Ce premier contrat de « Partenariat public-privé » (PPP) signé en France pour un établissement scolaire était justifié par le Conseil général en raison du caractère d’urgence qui présidait à sa construction ; celui-là même qui a été dénié par le jugement. Par-delà cette motivation du tribunal (intéressante en soi car elle montre que le Conseil général aurait pu l’éviter), il convient d’éclaircir les enjeux du « PPP ». Car derrière l’apparence d’une disposition hyper-technique, c’est en fait une décision hyper-politique qui se cache ; en témoignent d’ailleurs, pour notre cas local comme plus largement, les nombreuses critiques qui ont fusé, au point de voir se constituer un large front de contestation : associations de parents d’élèves, syndicats de personnels enseignants, associations citoyennes mais aussi syndicats des artisans et petites entreprises du bâtiment et ordre des architectes.
Un « PPP », rappelons-le, est une procédure qui permet à une collectivité de déléguer à un groupe privé la construction et la gestion d’équipements publics sur une durée pendant laquelle la collectivité versera un « loyer », avant de récupérer le site en fin de contrat. La prose des zélateurs de cette invention nous renseigne suffisamment sur ses avantages supposés : « il a pour but d’optimiser les performances respectives des secteurs public et privé pour réaliser dans les meilleurs délais et conditions les projets qui présentent un caractère d’urgence ou de complexité pour la collectivité : hôpitaux, écoles, systèmes informatiques, infrastructures. Les avantages de cette forme nouvelle de contrats sont multiples : l’accélération, par le préfinancement, de la réalisation des projets ; une innovation qui bénéficie à la collectivité par le dynamisme et la créativité du privé ; une approche en coût global ; une garantie de performance dans le temps ; une répartition du risque optimale entre secteur public et privé, chacun supportant les risques qu’il maîtrise le mieux. À ce titre, le contrat de partenariat vient compléter et enrichir la panoplie des outils de la commande publique en France. » (1).
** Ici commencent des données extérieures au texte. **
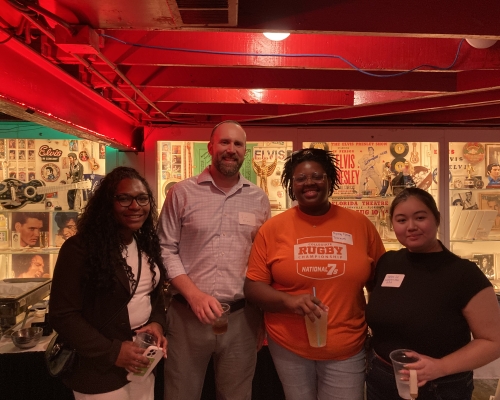 Intern & YP Happy Hour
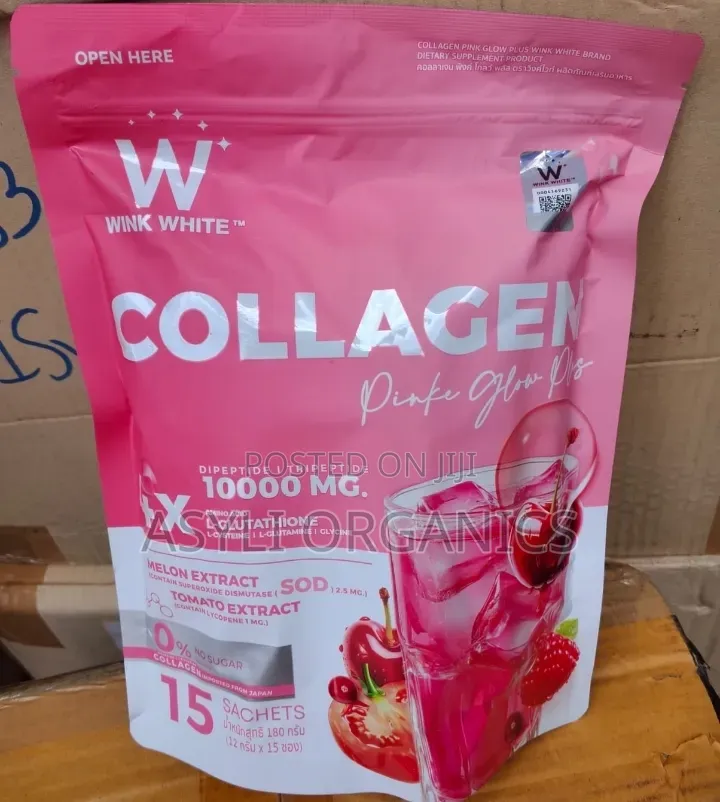 Collagen Supplements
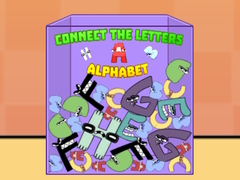 খেলা Connect the Letters Alphabet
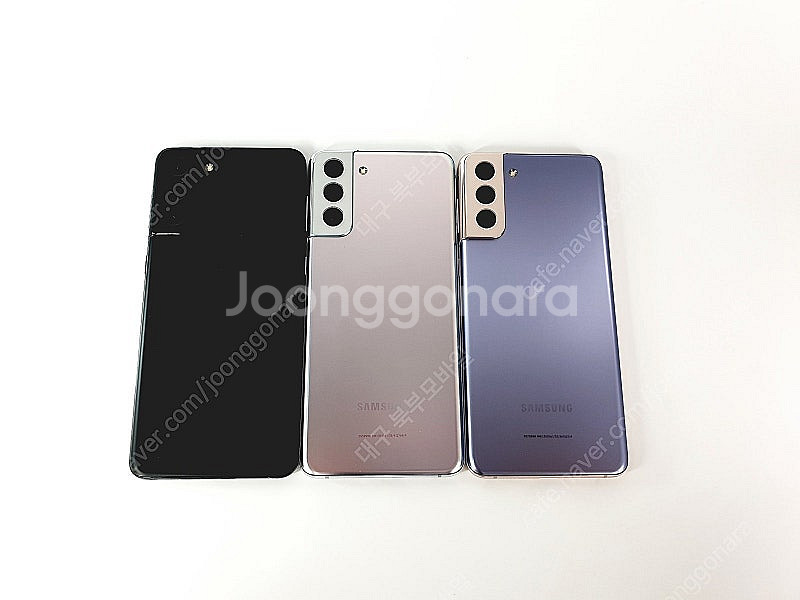 갤럭시 S21플러스 256GB 특A급 무잔상 중고폰 공...--0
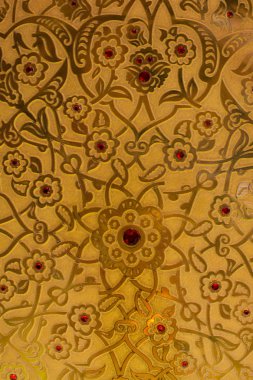 Osmanlı sanat modelinin güzel bir örneği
En fait, loin de servir l’intérêt public, ce dispositif accumule plutôt les risques de clientèlisme et de soumission aux grand groupes privés.
Si l’habit du PPP se veut moderne et sympa (le public et le privé côte à côte, la vision du politique et l’efficacité de l’entrepreneur main dans la main), l’idéologie qu’il recouvre n’a rien de nouveau. La Commission européenne parle d’une "législation plus moderne" adaptée "aux besoins administratifs modernes" et "essentielle pour la compétitivité de l’Europe". Christine Lagarde, l’actuelle ministre de l’économie, explique que « ce système incite les collectivités à penser plus globalement et à plus long terme. Ce que l’État ne peut ou ne souhaite pas faire lui-même, faute de moyens, de temps, ou à défaut d’une efficacité comparable à celle du secteur privé, il peut désormais le faire faire par des professionnels qui prennent en charge l’ensemble des opérations, depuis la conception jusqu’à l’exploitation » (2) ; Eric Doligé, Président du Conseil général du Loiret, argumente en réponse à la décision du tribunal administratif que « dans une société mondiale où la concurrence est acharnée, notre pays a besoin en tous domaines de réduire ses délais et ses coûts. Les citoyens demandent moins de charges et plus de souplesses (...) » (3).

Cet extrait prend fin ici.